Thanks as always you guys are a big help. To fill large cracks I should probably use 206 hardner as mentioned in my last post since you want the epoxy to be thick right?


----------



## sailingdog (Mar 19, 2006)

Depends on the temperature, but generally, if you're thickening the epoxy, using the slow hardener is a good idea, since you need to spend extra time mixing...


----------



## TSOJOURNER (Dec 16, 1999)

*Deck Gel Coat Cracks Question*

A moisture meter shows moisture in my deckd where there are cracks in the gel coat. Can I just drill some holes and fill with Creeping Crack Filler or Git Rot? Seems to me that it will stop the rot and strenthen the deck. The stuff is premixed and ready to go. - Capt. Ron


----------



## TSOJOURNER (Dec 16, 1999)

Can I just fill the deck cracks with Creeping Crack Filler or Git Rot? Should strengthen the deck and eliminate the rot from moisture intrusion. What do you experts out there think? A moisture meter shows moisture in the deck at the location where the cracks recently appeared.


----------



## TSOJOURNER (Dec 16, 1999)

I have an area where I have to do the same repair. 

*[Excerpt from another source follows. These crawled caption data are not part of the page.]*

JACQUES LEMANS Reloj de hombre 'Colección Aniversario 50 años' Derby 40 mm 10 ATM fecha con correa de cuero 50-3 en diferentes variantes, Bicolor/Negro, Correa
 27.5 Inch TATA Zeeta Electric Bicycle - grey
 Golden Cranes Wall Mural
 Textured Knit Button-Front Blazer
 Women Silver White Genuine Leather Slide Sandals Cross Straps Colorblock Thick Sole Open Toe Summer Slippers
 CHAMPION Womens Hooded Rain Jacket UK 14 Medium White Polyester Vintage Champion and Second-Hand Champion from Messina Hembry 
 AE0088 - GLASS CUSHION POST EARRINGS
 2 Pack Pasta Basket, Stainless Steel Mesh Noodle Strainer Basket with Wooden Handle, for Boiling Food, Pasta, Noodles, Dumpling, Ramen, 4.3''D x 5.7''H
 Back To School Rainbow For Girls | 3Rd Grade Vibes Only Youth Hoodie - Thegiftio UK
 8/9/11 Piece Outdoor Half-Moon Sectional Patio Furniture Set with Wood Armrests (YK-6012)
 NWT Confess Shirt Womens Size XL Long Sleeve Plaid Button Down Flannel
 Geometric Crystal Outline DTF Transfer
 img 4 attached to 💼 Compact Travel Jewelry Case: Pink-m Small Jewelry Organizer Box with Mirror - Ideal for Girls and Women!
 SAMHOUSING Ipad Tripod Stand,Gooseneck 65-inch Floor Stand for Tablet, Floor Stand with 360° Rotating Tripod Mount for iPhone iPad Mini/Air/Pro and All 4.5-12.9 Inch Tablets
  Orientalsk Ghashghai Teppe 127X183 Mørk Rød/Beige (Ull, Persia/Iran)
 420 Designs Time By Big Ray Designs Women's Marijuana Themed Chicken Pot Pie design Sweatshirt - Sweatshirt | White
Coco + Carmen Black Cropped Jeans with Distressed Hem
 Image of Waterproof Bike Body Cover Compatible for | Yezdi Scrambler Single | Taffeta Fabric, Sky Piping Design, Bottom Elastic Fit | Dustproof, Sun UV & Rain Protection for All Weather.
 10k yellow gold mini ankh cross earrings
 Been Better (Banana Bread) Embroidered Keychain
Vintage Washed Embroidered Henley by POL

The book I am using (Practical Sailor volume on maintenance and repair) recommends drilling in a pattern (I will have to check spacing later) and then letting it air dry (possibly with heat) for some time before filling it with thickened epoxy. You drill through the top skin and core but not the bottom. Then you have to refinish the deck. I am considering coming up from the bottom and epoxying in plugs in my holes and then adding some glass on the underside (cabin roof) after drying. I can seal with epoxy on top and then paint. But that is not what the book says to do and I could end up regretting it.


----------



## sailingdog (Mar 19, 2006)

You really need to repair whatever is causing the deck's gelcoat to crack and re-inforce it before doing anything else. Creeping Crack Filler and Git Rot will not do that. They'll probably not help much with preventing future water intrusion either.


rarelyontime said:


> Can I just fill the deck cracks with Creeping Crack Filler or Git Rot? Should strengthen the deck and eliminate the rot from moisture intrusion. What do you experts out there think? A moisture meter shows moisture in the deck at the location where the cracks recently appeared.


----------



## TSOJOURNER (Dec 16, 1999)

In my case, the cracks appear to be from an impact and once sealed I don't think moisture will come in there again. There are a couple of places where I have cracks but I am not sure I have moisture; I am assuming that sealing the top will be adequate there, but I will drill a hole just to get a sample from the bottom and plug it. If the sample is moist, I will drill more, dry and then plug. Soft spots would require a different approach.


----------



## helmsmatt (Jul 29, 2002)

I did have crazing (not stress cracks) throughout my deck gelcoat.
I was able to re-gelcoat, but it wasn't easy.
First, I sanded the surface,
Then I brushed on a relatively thick layer of gelcoat.
Then I block sanded the gelcoat to get it flat. This would sand most of the new gelcoat off, but filled the crazing.
Then I sprayed several coats of gelcoat.
A light sanding with 400 and 600 grit flattened the orange peel.
Compound, wax, done.
I didn't want to paint, as a similar amount of labor for paint or gelcoat results in a shorter life for painted surfaces vs. gelcoat. Gelcoat is easier to repair also.
For more detail, email me.


----------



## sanctuarysam (Sep 16, 2006)

*has anybody heard of/tried this?*

i have a couple of spots on my deck and came across this site..not sure if it's any good or not..
anybody seen this stuff?
http://www.epoxyproducts.com/capt.html

thanks,
sam


----------



## Idiens (Jan 9, 2007)

sanctuarysam said:


> i have a couple of spots on my deck and came across this site..not sure if it's any good or not..
> anybody seen this stuff?
> http://www.epoxyproducts.com/capt.html
> 
> ...


I have used it, frankly it didn't work too well.


----------



## cardiacpaul (Jun 20, 2006)

ummmm
catalinadirect has a kit for the stanchions
http://www.catalinadirect.com/index.cfm?fuseaction=product.display&Product_ID=30

might just as well do the chainplates too
http://www.catalinadirect.com/index.cfm?fuseaction=product.display&Product_ID=12


----------



## chucklesR (Sep 17, 2007)

I had a couple of scratches in the gel on my boat, and since I had a chunk of 'miracle cloth' (metal polishing primarily, but said it was good on fiberglass so what the heck) in my hand I rubbed at them.
Long story short, they went away, the chemicals in the cloth compounded the surface, filled the scratch, and polished the area to where I can neither see nor feel where the problem was.
Mind you, this wasn't crazing or cracking, just a scratch.


----------